**Task to complete:**
Every line below needs to be transcribed without alteration, and no image may be carried over.

**Data excerpt:**
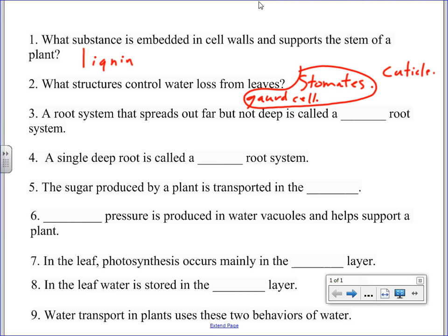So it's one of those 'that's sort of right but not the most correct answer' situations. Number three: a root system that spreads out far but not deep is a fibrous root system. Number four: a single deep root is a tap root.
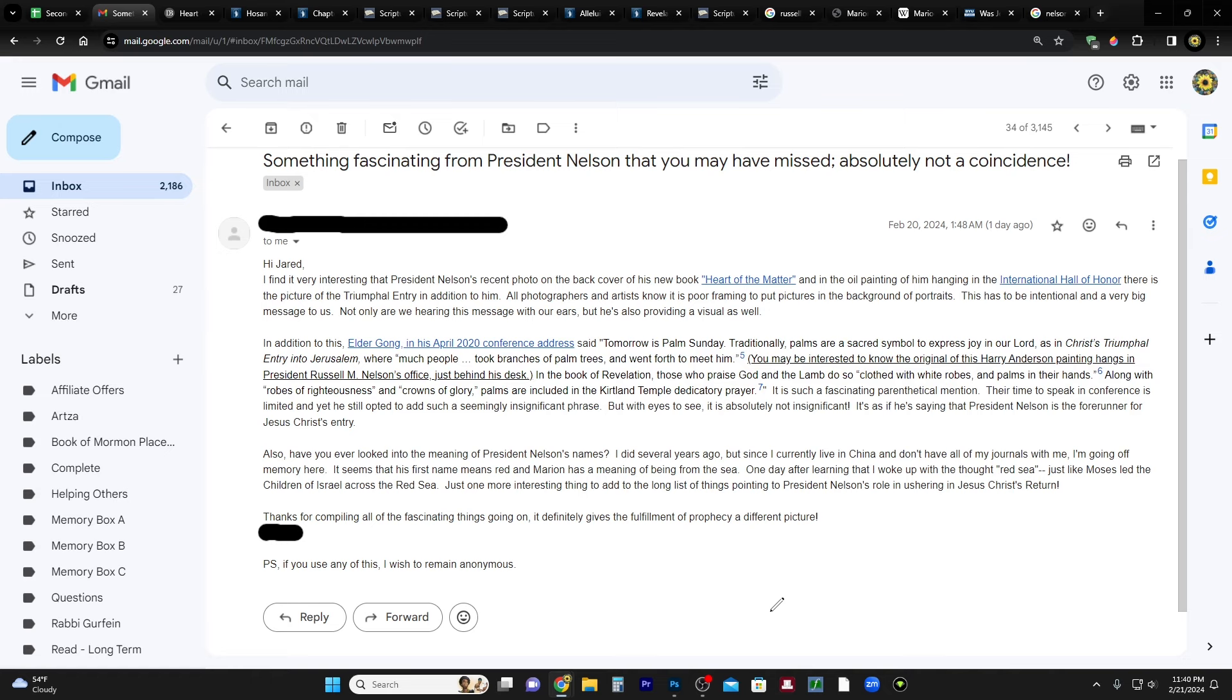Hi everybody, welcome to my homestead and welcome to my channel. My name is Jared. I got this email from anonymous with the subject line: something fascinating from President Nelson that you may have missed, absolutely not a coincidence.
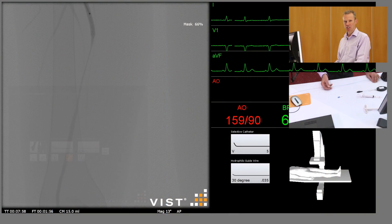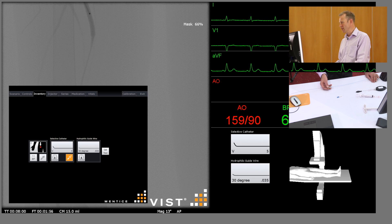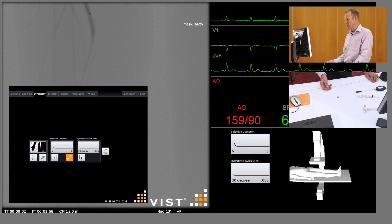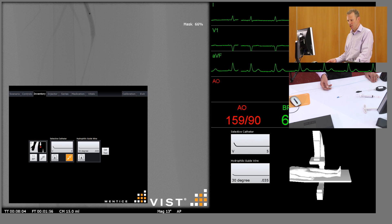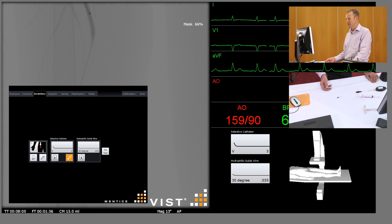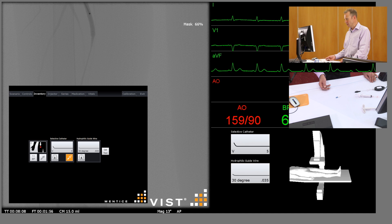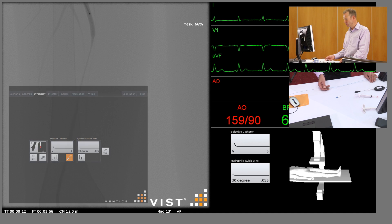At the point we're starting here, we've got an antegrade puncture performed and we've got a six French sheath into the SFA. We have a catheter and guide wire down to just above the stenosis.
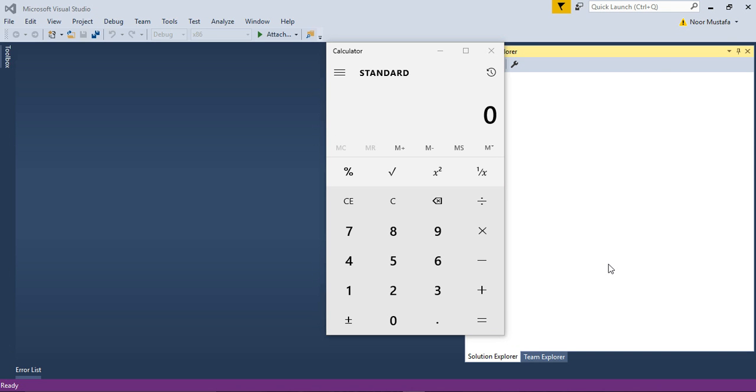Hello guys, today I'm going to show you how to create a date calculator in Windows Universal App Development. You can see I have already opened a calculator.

**Solution:**
So it's one of those 'that's sort of right but not the most correct answer' situations. Number three: a root system that spreads out far but not deep is a fibrous root system. Number four: a single deep root is a tap root.
Hi everybody, welcome to my homestead and welcome to my channel. My name is Jared. I got this email from anonymous with the subject line: something fascinating from President Nelson that you may have missed, absolutely not a coincidence.
At the point we're starting here, we've got an antegrade puncture performed and we've got a six French sheath into the SFA. We have a catheter and guide wire down to just above the stenosis.
Hello guys, today I'm going to show you how to create a date calculator in Windows Universal App Development. You can see I have already opened a calculator.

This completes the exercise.